[Stored dataset items]
------------------------------------------------------------
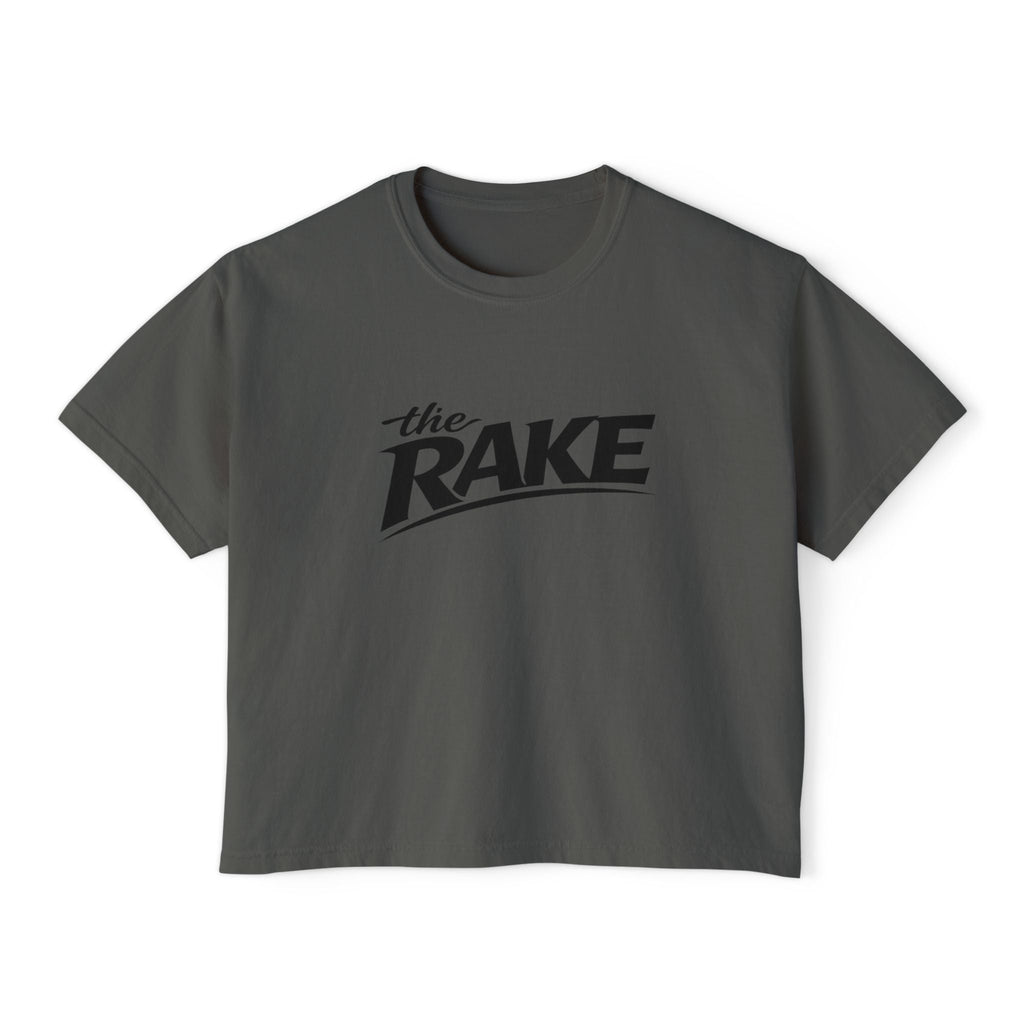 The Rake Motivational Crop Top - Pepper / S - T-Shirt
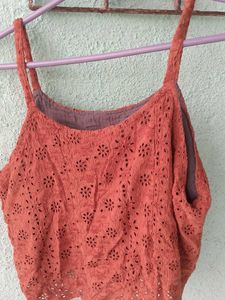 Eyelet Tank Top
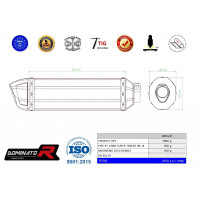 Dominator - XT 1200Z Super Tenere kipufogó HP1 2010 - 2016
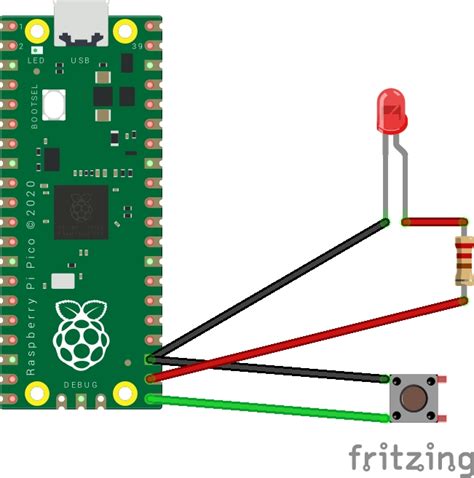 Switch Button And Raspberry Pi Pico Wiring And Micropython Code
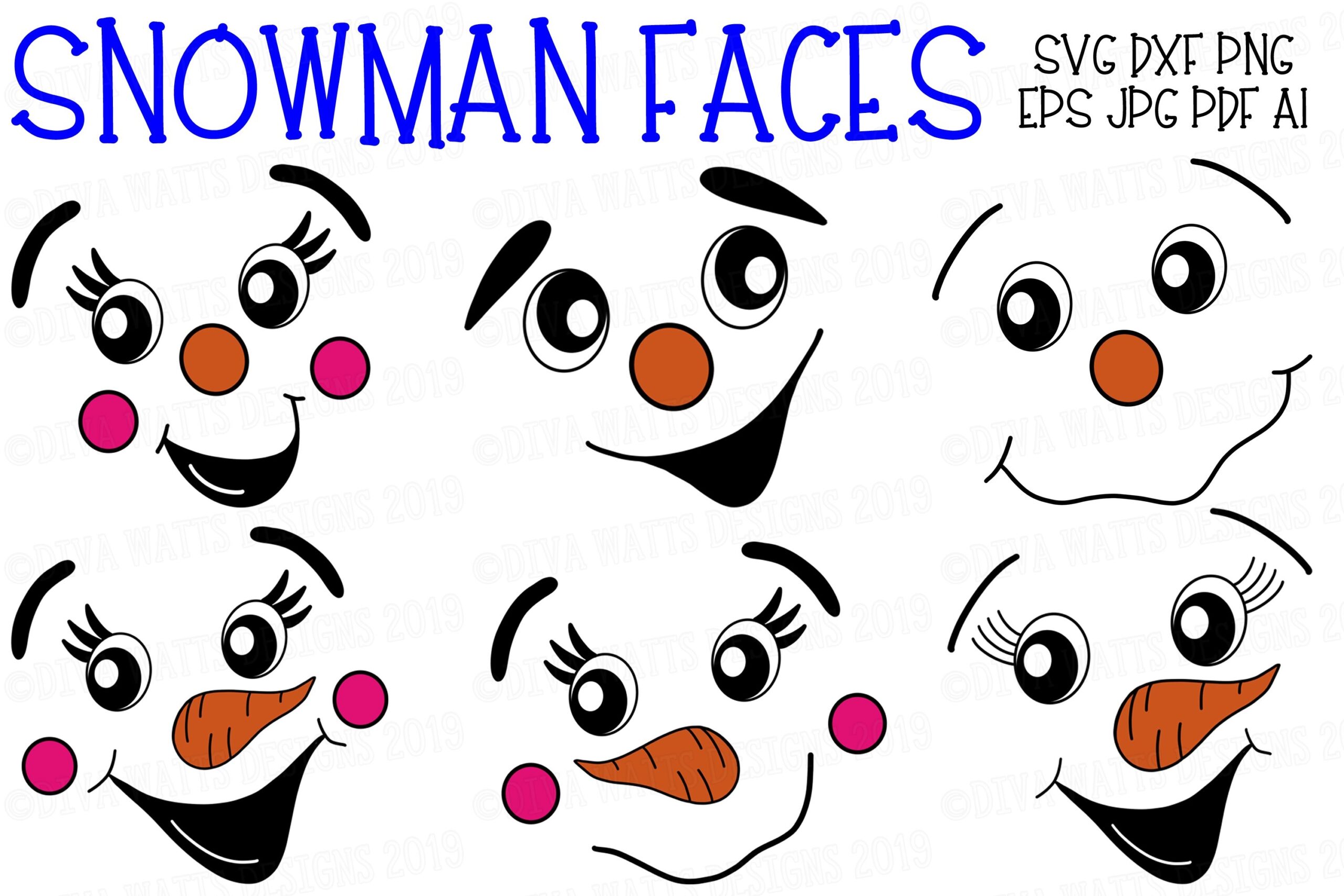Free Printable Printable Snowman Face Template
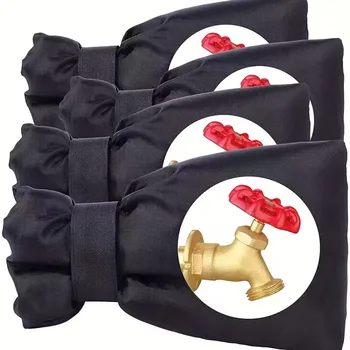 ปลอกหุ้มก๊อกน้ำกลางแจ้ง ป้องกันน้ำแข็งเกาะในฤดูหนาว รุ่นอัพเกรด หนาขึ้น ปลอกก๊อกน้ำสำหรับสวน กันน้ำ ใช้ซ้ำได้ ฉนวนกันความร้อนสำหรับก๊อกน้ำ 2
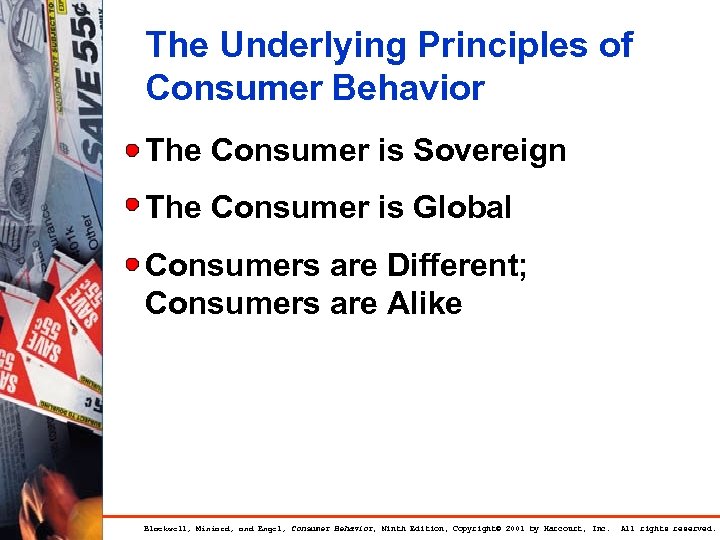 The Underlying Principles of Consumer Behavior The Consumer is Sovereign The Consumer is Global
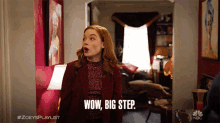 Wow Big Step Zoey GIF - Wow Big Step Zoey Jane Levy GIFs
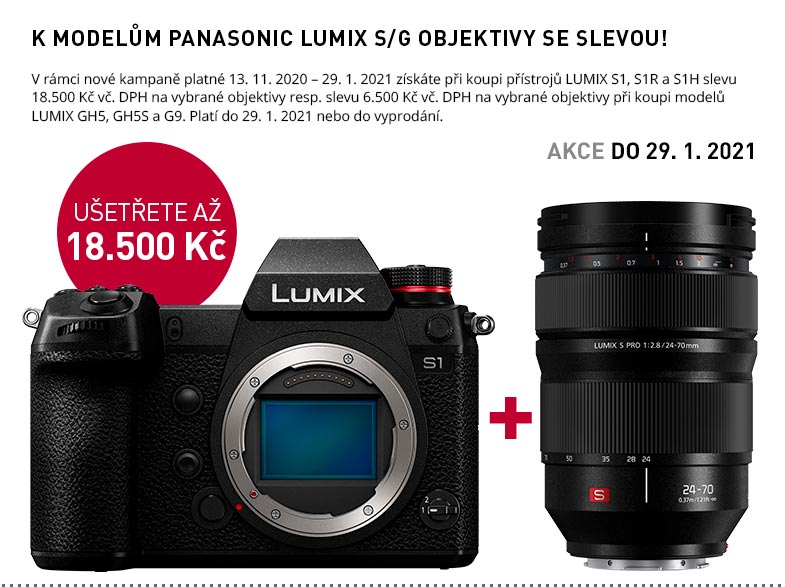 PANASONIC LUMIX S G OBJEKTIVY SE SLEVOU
------------------------------------------------------------
### About this exercise
Please set down the records above verbatim, with each picture left out.

### Exercise answer
 The Rake Motivational Crop Top - Pepper / S - T-Shirt
 Eyelet Tank Top
 Dominator - XT 1200Z Super Tenere kipufogó HP1 2010 - 2016
 Switch Button And Raspberry Pi Pico Wiring And Micropython Code
Free Printable Printable Snowman Face Template
 ปลอกหุ้มก๊อกน้ำกลางแจ้ง ป้องกันน้ำแข็งเกาะในฤดูหนาว รุ่นอัพเกรด หนาขึ้น ปลอกก๊อกน้ำสำหรับสวน กันน้ำ ใช้ซ้ำได้ ฉนวนกันความร้อนสำหรับก๊อกน้ำ 2
 The Underlying Principles of Consumer Behavior The Consumer is Sovereign The Consumer is Global
 Wow Big Step Zoey GIF - Wow Big Step Zoey Jane Levy GIFs
 PANASONIC LUMIX S G OBJEKTIVY SE SLEVOU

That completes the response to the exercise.